Supplied records

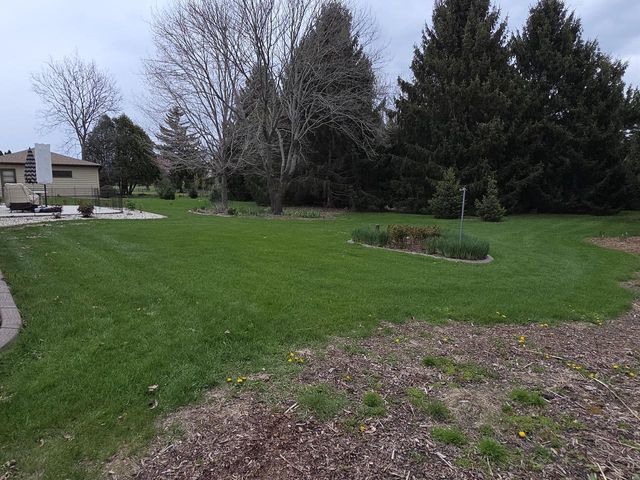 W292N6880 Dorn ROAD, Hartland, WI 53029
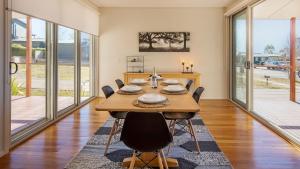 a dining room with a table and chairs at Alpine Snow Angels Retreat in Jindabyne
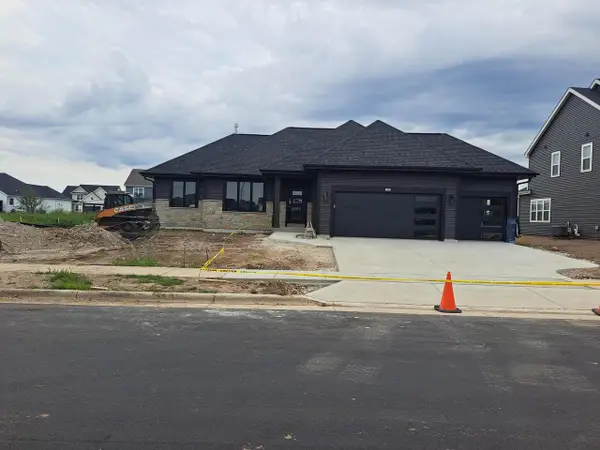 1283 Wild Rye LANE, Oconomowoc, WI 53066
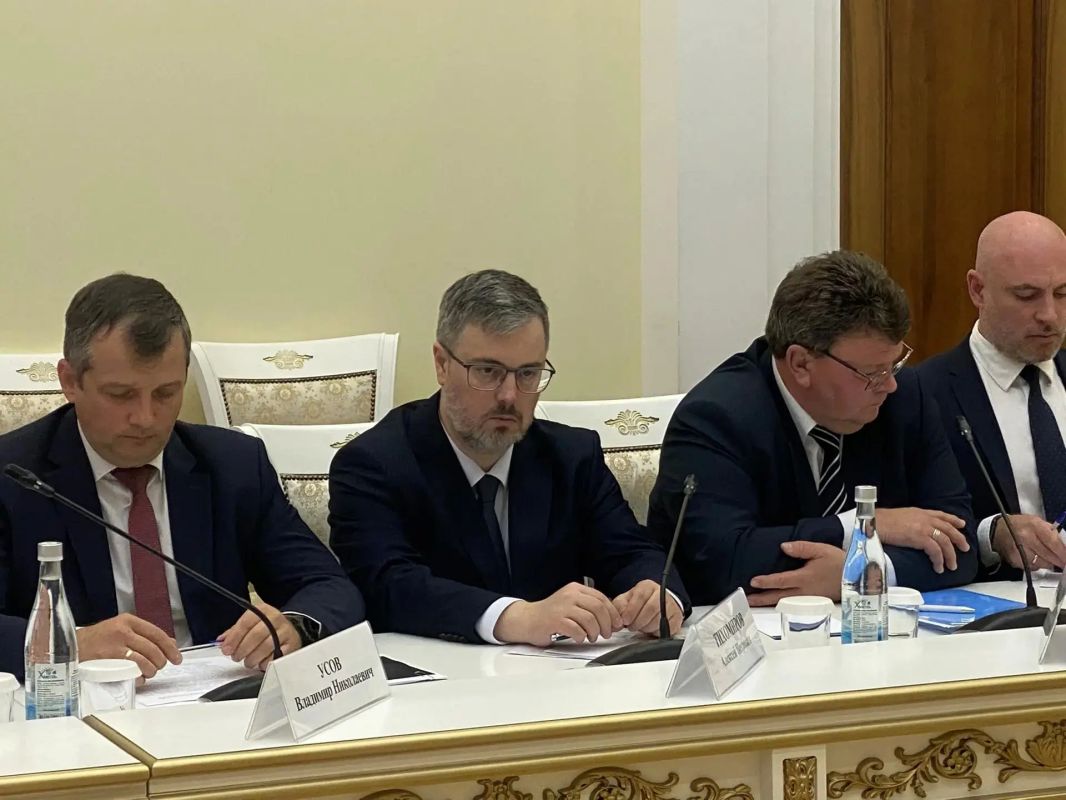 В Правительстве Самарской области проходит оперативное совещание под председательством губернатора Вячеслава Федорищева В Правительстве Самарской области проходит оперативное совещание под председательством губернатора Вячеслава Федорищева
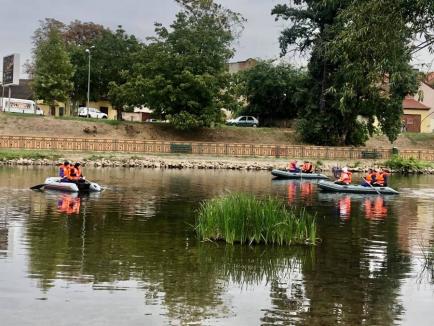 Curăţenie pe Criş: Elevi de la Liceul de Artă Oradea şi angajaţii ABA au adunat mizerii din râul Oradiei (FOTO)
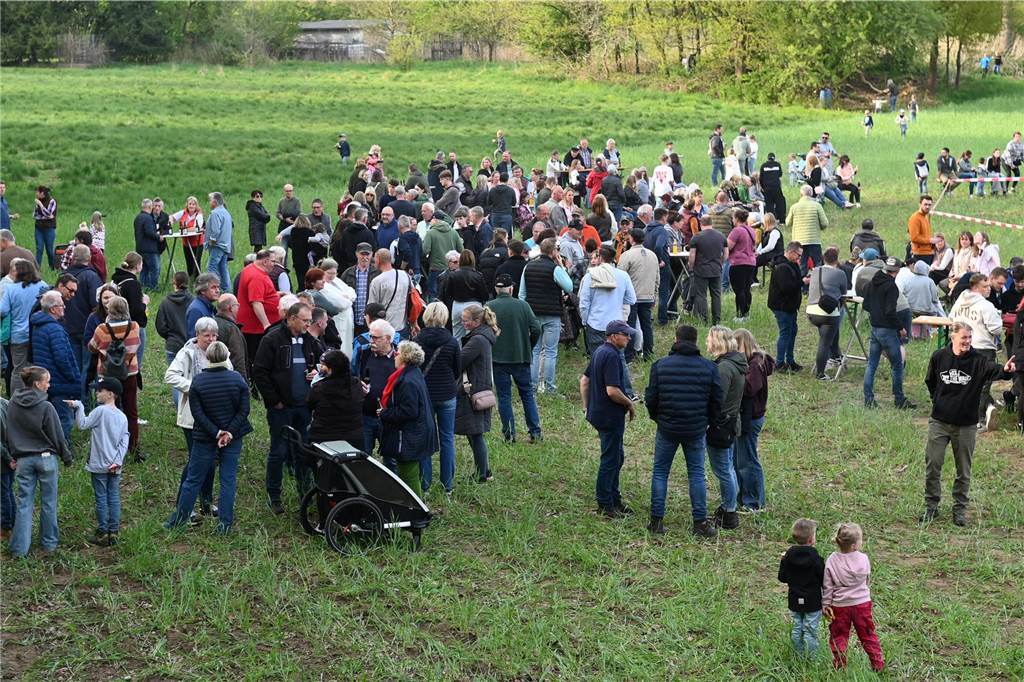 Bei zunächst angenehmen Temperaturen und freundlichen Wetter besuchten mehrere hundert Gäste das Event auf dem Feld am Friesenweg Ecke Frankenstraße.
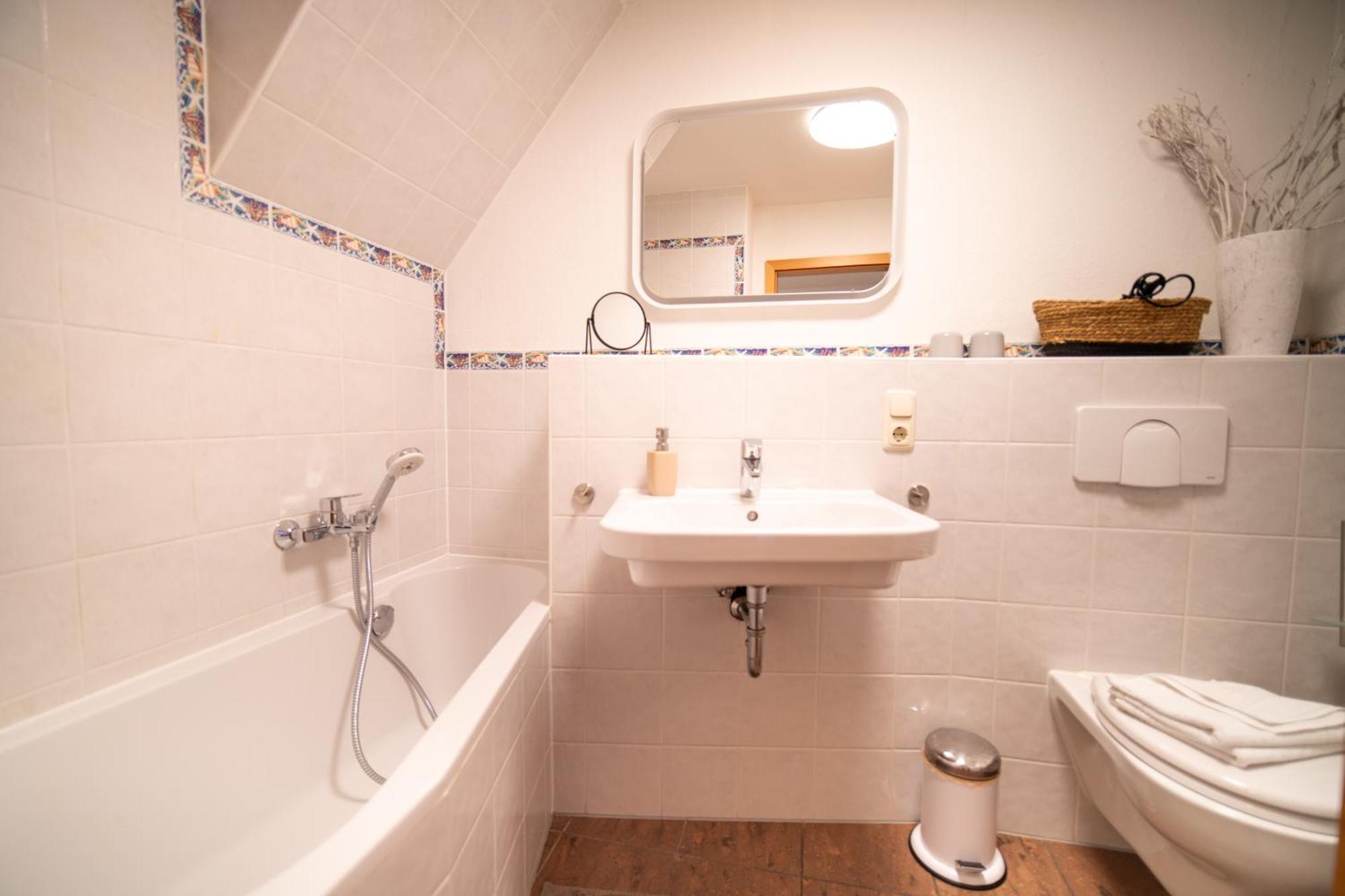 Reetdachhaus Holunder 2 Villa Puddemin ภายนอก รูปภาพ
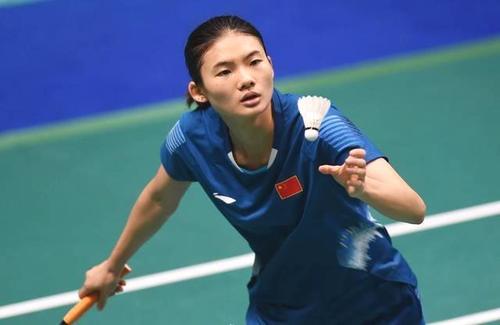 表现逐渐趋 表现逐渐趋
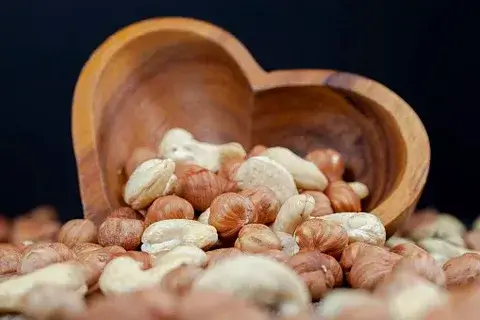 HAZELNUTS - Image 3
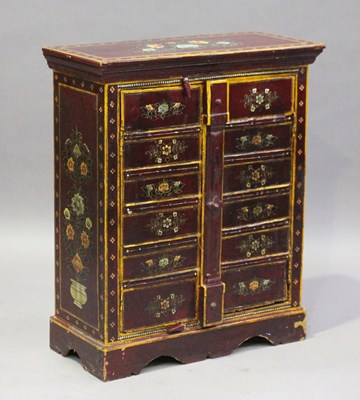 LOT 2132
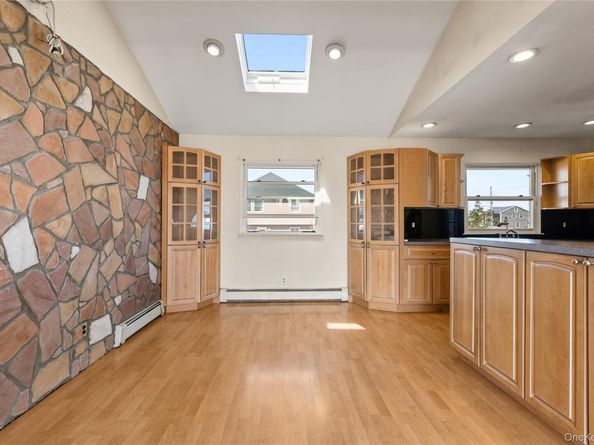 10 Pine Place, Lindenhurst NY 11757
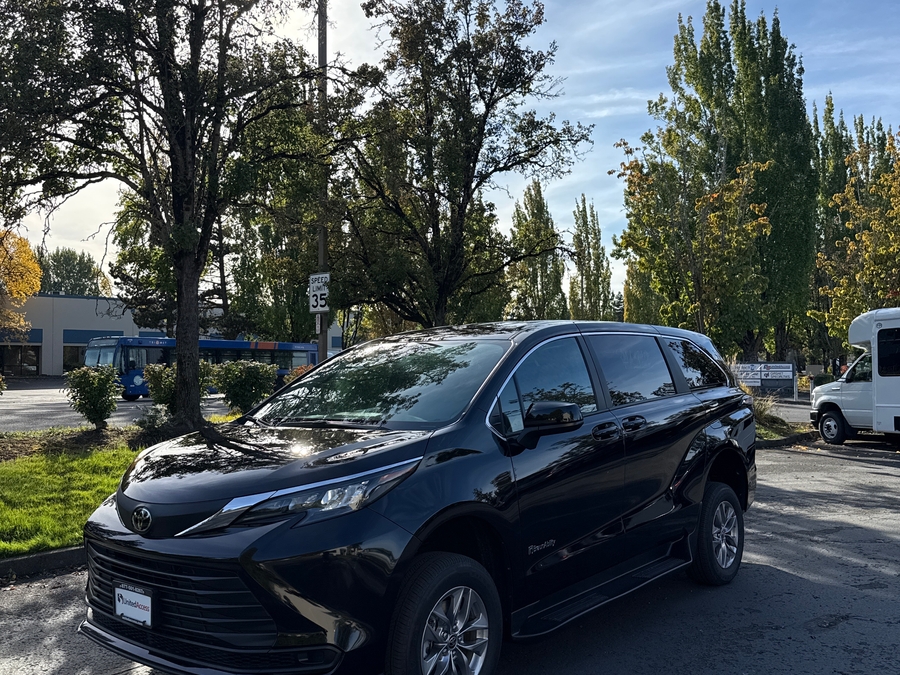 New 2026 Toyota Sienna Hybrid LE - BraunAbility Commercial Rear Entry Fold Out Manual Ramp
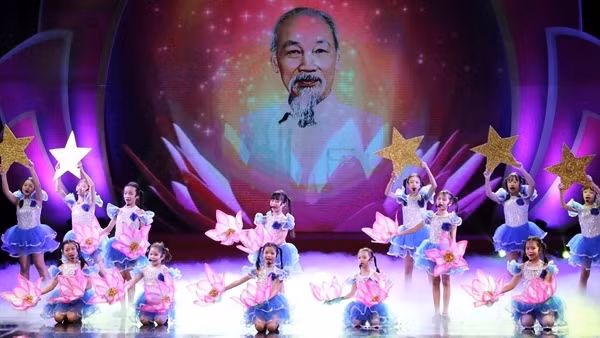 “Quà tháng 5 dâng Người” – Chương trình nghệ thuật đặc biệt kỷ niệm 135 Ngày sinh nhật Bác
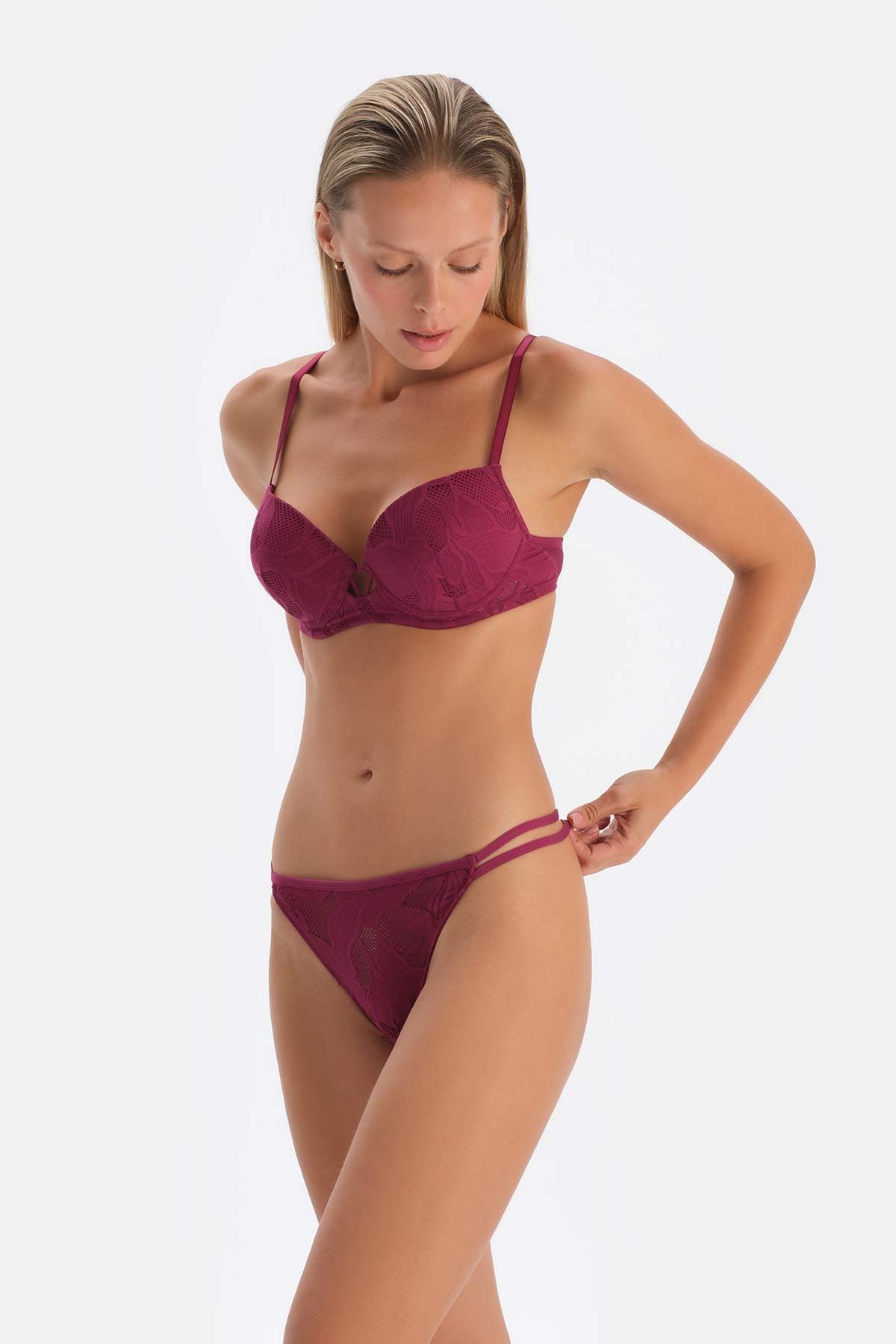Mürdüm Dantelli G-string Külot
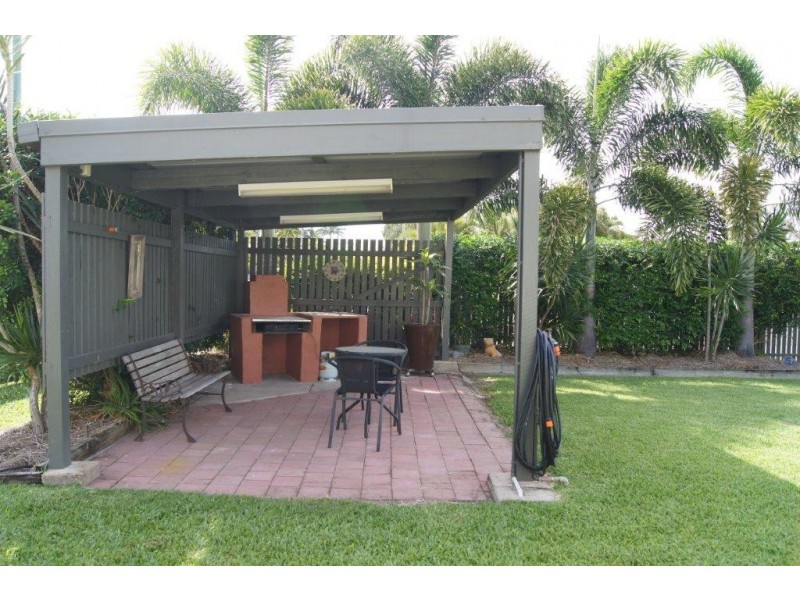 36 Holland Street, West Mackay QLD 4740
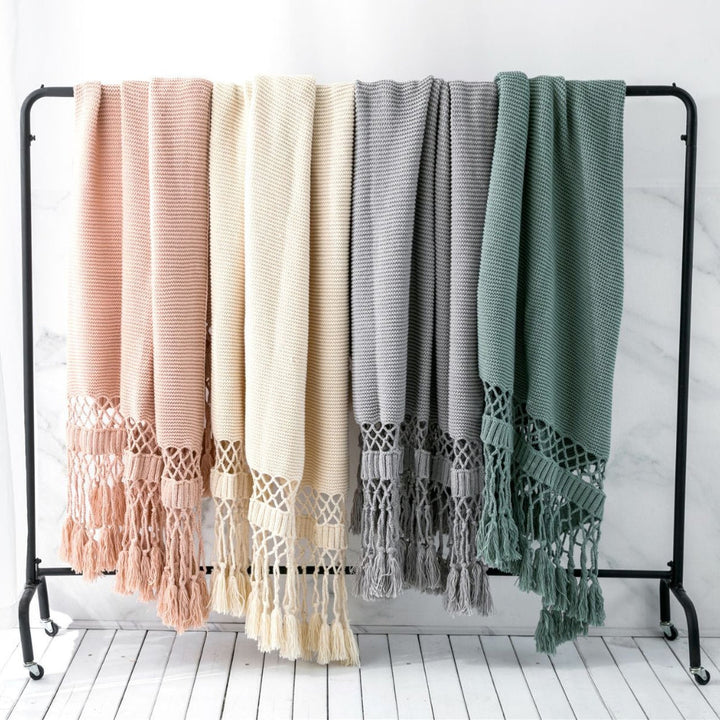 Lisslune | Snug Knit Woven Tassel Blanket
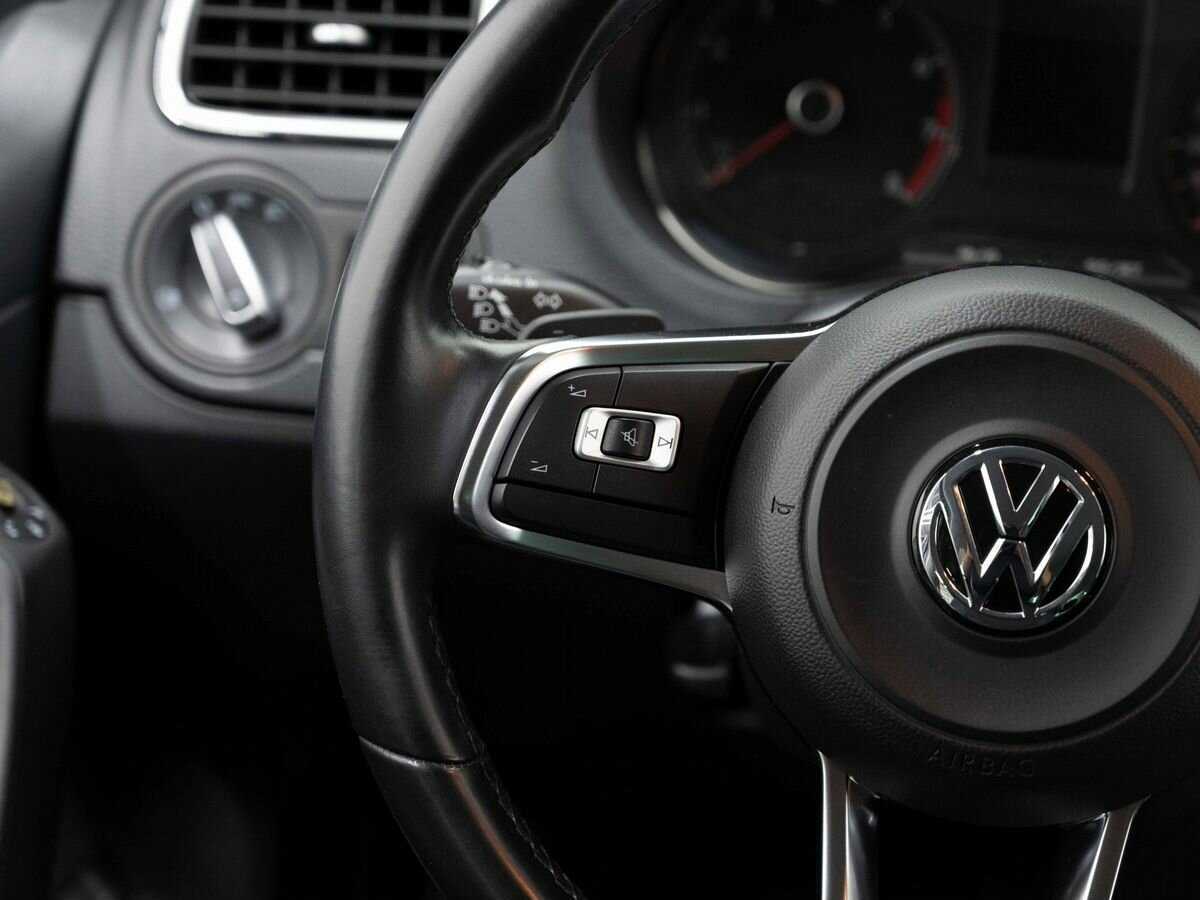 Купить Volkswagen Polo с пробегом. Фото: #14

Work to be completed
Begin at the first line of the entries and stop after the line holding "1283 Wild Rye LANE, Oconomowoc, WI 53066"; repeat those lines exactly, but not the pictures.

Task solution
 W292N6880 Dorn ROAD, Hartland, WI 53029
 a dining room with a table and chairs at Alpine Snow Angels Retreat in Jindabyne
 1283 Wild Rye LANE, Oconomowoc, WI 53066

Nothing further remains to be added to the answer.